Une enquête d’intérêt public
Il n’est pas commun pour un média, surtout un petit comme Heidi.news avec ses 18 employés dont 12 journalistes, d'enquêter sur un autre, en particulier le plus gros éditeur de Suisse, 3700 employés. Or c’est justement la taille du groupe qui fonde l’intérêt public de cette enquête. Dans un pays décentralisé, attaché à son fédéralisme, un éditeur devenu un géant national fait tourner les mêmes contenus dans plusieurs de ses titres qui dominent les grandes villes: Bâle, Berne, Genève, Lausanne, Winterthour et bien sûr Zurich. Son impact sur la formation de l’opinion est considérable. La vitalité du débat démocratique est désormais tributaire de cette entreprise qui fait passer les dividendes pour la famille propriétaire avant les investissements dans les rédactions.
TX Group s’offusquera sans doute de notre série. Mais lui qui défend vaillamment, pour ses propres enquêtes, la liberté de la presse et l'indépendance de ses journalistes, devrait comprendre l’intérêt d’être à son tour l’objet d’une enquête. Toute entreprise, toute institution dont l’influence ne cesse de grandir doit être scrutée et s’offrir à l’analyse; il en va des valeurs mêmes d’une société et d’une démocratie fondées sur l’équilibre des pouvoirs. En particulier au moment où le Parlement dessine les contours d’une aide à la presse dont Tamedia devrait obtenir la part du lion.
Pour cette enquête, Heidi.news a bénéficié d’un allié précieux: Republik.ch, le magazine en ligne indépendant lancé à Zurich par financement participatif en janvier 2018. Sa rédaction a contribué avec des épisodes que nous avons traduits en français, et commence aujourd’hui la publication des épisodes en allemand.

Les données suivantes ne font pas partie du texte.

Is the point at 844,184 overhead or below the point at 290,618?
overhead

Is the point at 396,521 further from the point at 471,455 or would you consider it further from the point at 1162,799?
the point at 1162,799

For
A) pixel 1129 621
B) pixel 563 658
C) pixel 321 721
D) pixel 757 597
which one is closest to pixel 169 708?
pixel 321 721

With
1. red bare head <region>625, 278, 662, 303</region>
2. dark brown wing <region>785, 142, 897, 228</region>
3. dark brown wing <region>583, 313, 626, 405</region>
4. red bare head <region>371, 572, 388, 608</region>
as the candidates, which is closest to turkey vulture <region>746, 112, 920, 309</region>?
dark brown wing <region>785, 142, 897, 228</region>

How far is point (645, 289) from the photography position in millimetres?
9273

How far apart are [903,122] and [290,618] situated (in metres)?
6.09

Une idée longue à réaliser
Mais surtout, nous avons pu compter sur un journaliste qui n’a pas froid aux yeux, Marc Guéniat. Entré dans le métier à la Tribune de Genève en 2007, il est devenu indépendant en 2011 puis a intégré Public Eye (ex-Déclaration de Berne) pour des enquêtes au long cours sur des sujets de corruption et de matières premières avant de rejoindre Heidi.news. Cette idée d’une enquête sur le paysage suisse de presse, qui s’est resserrée ensuite sur Tamedia, Heidi.news l’avait dès ses premières réunions éditoriales, en 2018, avant même d’exister en ligne en mai 2019. Si elle a mis si longtemps à se concrétiser, c’est aussi parce qu’il n’a pas été facile de trouver un journaliste qui prenne le risque, pour sa carrière, d’enquêter sur le plus grand groupe de presse du pays.

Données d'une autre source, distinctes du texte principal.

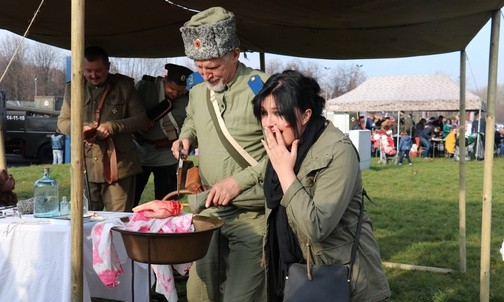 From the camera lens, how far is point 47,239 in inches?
121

Quant au principal concerné, Pietro Supino, président du conseil d’administration de TX Group, il n’a pas répondu à ce jour à la liste de 32 questions que nous lui avons adressées tout début septembre. En août, il avait d’abord accepté le principe d’une interview, avant de demander que cela se déroule par écrit, puis de poser, tout au long de l’automne, une série de conditions auxquelles nous avons accédé. Aux dernières nouvelles, il attend la parution de cette série pour se décider. Nous publions donc ici la liste des questions; si des réponses nous parviennent, nous les publierons dans leur intégralité.
Précision
Cet article a été modifié le 9 décembre pour corriger le nombre actuel de collaborateurs/trices de TX Group: 3700 et non 3600.